La tragedia del UP

Publicado en: Análisis, Colombia 0

El exterminio de la UP es uno de los episodios más dolorosos y vergonzosos de nuestra sociedad. No solo por el asesinato de más de 3000 militantes de un partido político sino porque es el símbolo de cómo la democracia en Colombia recurrentemente ha pasado por la violencia. La amenaza, el asesinato y la desaparición de los contendores, así como la presión armada contra sus seguidores, ha sido moneda corriente en el repertorio electoral.

La otra cara de la tragedia de la UP es que todavía es muy poco lo que se ha elaborado sobre qué la originó, qué sectores toman la decisión de usar las armas, cuál fue su racionalidad y su motivación y por qué la violencia política se ha perpetuado durante tanto tiempo. Salvo algunos libros académicos y periodísticos poco se ha profundizado de manera rigurosa sobre el asunto.

La izquierda ha tendido a crear un discurso conspirativo, en que culpa al estado y a las elites económicas de elaborar un plan de exterminio de los movimientos sociales y de concentración de la riqueza a través de megaproyectos. Esta postura no resiste un menor análisis a la luz de la evidencia existente.

Si bien es cierto que agentes del estado intervinieron directa e indirectamente en el asesinato de muchos miembros de la UP no puede sostenerse que haya sido una política de estado. ¿Puede uno afirmar que Betancur, Barco y Gaviria, los mandatarios durante el exterminio, estuvieron involucrados? Fueron más bien una serie de políticos regionales, algunos con aspiraciones nacionales, quienes estuvieron detrás de las muertes.

Del mismo modo no hay mayor evidencia que vincule a los grandes capitalistas de Colombia. ¿Existieron acaso las autodefensas de Santo Domingo o de Sarmiento? De nuevo fueron elites regionales -terratenientes, ganaderos, comerciantes y, sobre todo, narcotraficantes- las que proveyeron las necesidades económicas de la contrainsurgencia privada.

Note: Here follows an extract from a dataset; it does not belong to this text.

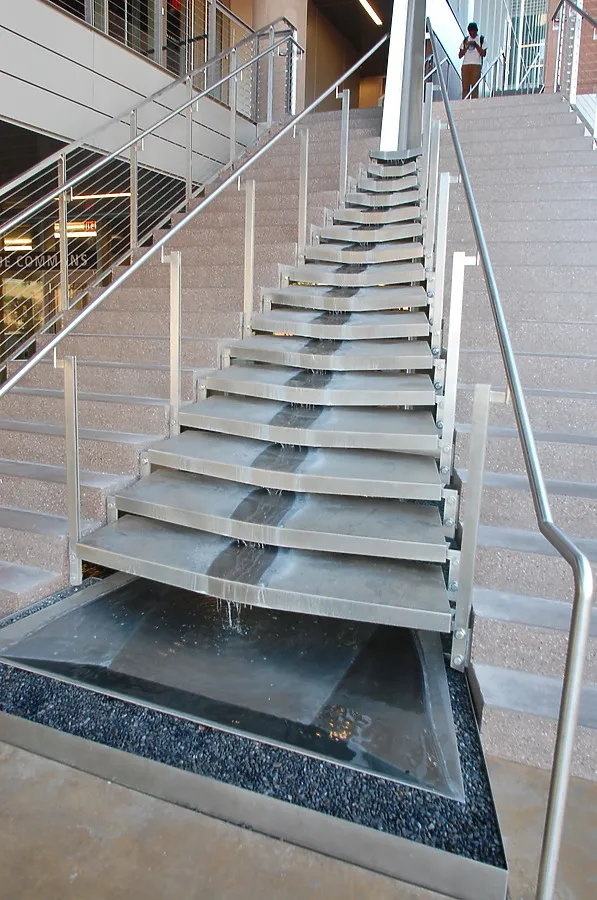 Water cascading down between the stairs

No se trató tampoco de que las elites regionales fueran particularmente malvadas, o al menos más malvadas que las elites del centro. El asunto era que en las regiones el avance militar de las guerrillas era una amenaza concreta al orden establecido, mucho más fuerte que en el centro donde el conflicto apenas tocaba directamente los intereses de las elites.

Eran entonces las elites regionales las que tenían que organizar el paramilitarismo para evitar que sus intereses fueran arrasados por el secuestro y demás prácticas expropiativas de las guerrillas. Más aún, dado que las guerrillas no contaban con los medios militares para escalar la guerra al nivel nacional, su verdadera amenaza se centraba en objetivos regionales.

El problema era que dentro de la estrategia de expansión territorial de las guerrillas estaba también la política legal. La UP fue el frente político de las Farc con ese propósito: Braulio Herrera e Iván Márquez fueron congresistas. Y aunque muchos de sus militantes no fueran guerrilleros, incluso algunos no fueran amigos de la lucha armada, para las elites regionales su entrada en la competencia electoral significaba que aliados de quienes los mataban, secuestraban y expropiaban los iban a despojar del manejo de las instituciones del estado local.

La respuesta, sobra decir, fue implacable. Pero no se trató de una conspiración de oligarquías de estado ni de la defensa a sangre y fuego de megaproyectos. La verdad fue más mundana y más sangrienta que eso.